**DIRECTIONS FOR THIS TASK**
Please transcribe, word for word, the line containing "Almelo to Breda map" and every line after it through the end of the records below, and nothing else.

**DATA EXTRACT**
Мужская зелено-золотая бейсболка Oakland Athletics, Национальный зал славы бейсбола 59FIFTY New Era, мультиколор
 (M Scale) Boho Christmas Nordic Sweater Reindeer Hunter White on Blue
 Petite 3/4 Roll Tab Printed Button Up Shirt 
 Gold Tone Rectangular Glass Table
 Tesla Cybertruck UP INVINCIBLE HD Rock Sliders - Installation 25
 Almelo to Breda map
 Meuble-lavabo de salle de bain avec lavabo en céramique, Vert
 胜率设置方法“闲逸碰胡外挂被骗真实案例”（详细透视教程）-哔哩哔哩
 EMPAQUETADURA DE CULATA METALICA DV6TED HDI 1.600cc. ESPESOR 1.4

**SOLVED PROBLEM**
 Almelo to Breda map
 Meuble-lavabo de salle de bain avec lavabo en céramique, Vert
 胜率设置方法“闲逸碰胡外挂被骗真实案例”（详细透视教程）-哔哩哔哩
 EMPAQUETADURA DE CULATA METALICA DV6TED HDI 1.600cc. ESPESOR 1.4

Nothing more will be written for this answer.